┌──
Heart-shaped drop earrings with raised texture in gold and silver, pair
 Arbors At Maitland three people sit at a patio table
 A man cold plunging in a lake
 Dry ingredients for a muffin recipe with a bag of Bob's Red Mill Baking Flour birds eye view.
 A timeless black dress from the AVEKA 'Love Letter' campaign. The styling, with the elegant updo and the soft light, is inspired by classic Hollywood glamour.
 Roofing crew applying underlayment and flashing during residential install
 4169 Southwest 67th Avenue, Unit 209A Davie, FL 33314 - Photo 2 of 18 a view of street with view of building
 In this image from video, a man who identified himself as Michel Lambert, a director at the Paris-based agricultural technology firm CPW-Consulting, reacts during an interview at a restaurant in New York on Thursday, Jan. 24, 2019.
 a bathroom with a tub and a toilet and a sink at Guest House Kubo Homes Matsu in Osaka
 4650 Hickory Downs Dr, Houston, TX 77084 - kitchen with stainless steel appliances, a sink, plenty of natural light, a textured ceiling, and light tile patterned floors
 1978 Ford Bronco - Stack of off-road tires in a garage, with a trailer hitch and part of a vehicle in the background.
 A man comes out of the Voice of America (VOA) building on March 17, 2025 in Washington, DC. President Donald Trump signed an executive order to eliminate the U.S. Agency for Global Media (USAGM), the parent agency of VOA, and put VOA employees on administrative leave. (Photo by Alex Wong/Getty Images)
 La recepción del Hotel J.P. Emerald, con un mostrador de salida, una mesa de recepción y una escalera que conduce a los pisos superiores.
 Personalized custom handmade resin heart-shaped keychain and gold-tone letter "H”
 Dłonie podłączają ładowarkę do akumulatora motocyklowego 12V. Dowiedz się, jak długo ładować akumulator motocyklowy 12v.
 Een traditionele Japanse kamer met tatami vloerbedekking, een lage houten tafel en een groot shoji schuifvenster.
└──
**Activity**
Return the records given above in their entirety, word for word.

**Response box**
Heart-shaped drop earrings with raised texture in gold and silver, pair
 Arbors At Maitland three people sit at a patio table
 A man cold plunging in a lake
 Dry ingredients for a muffin recipe with a bag of Bob's Red Mill Baking Flour birds eye view.
 A timeless black dress from the AVEKA 'Love Letter' campaign. The styling, with the elegant updo and the soft light, is inspired by classic Hollywood glamour.
 Roofing crew applying underlayment and flashing during residential install
 4169 Southwest 67th Avenue, Unit 209A Davie, FL 33314 - Photo 2 of 18 a view of street with view of building
 In this image from video, a man who identified himself as Michel Lambert, a director at the Paris-based agricultural technology firm CPW-Consulting, reacts during an interview at a restaurant in New York on Thursday, Jan. 24, 2019.
 a bathroom with a tub and a toilet and a sink at Guest House Kubo Homes Matsu in Osaka
 4650 Hickory Downs Dr, Houston, TX 77084 - kitchen with stainless steel appliances, a sink, plenty of natural light, a textured ceiling, and light tile patterned floors
 1978 Ford Bronco - Stack of off-road tires in a garage, with a trailer hitch and part of a vehicle in the background.
 A man comes out of the Voice of America (VOA) building on March 17, 2025 in Washington, DC. President Donald Trump signed an executive order to eliminate the U.S. Agency for Global Media (USAGM), the parent agency of VOA, and put VOA employees on administrative leave. (Photo by Alex Wong/Getty Images)
 La recepción del Hotel J.P. Emerald, con un mostrador de salida, una mesa de recepción y una escalera que conduce a los pisos superiores.
 Personalized custom handmade resin heart-shaped keychain and gold-tone letter "H”
 Dłonie podłączają ładowarkę do akumulatora motocyklowego 12V. Dowiedz się, jak długo ładować akumulator motocyklowy 12v.
 Een traditionele Japanse kamer met tatami vloerbedekking, een lage houten tafel en een groot shoji schuifvenster.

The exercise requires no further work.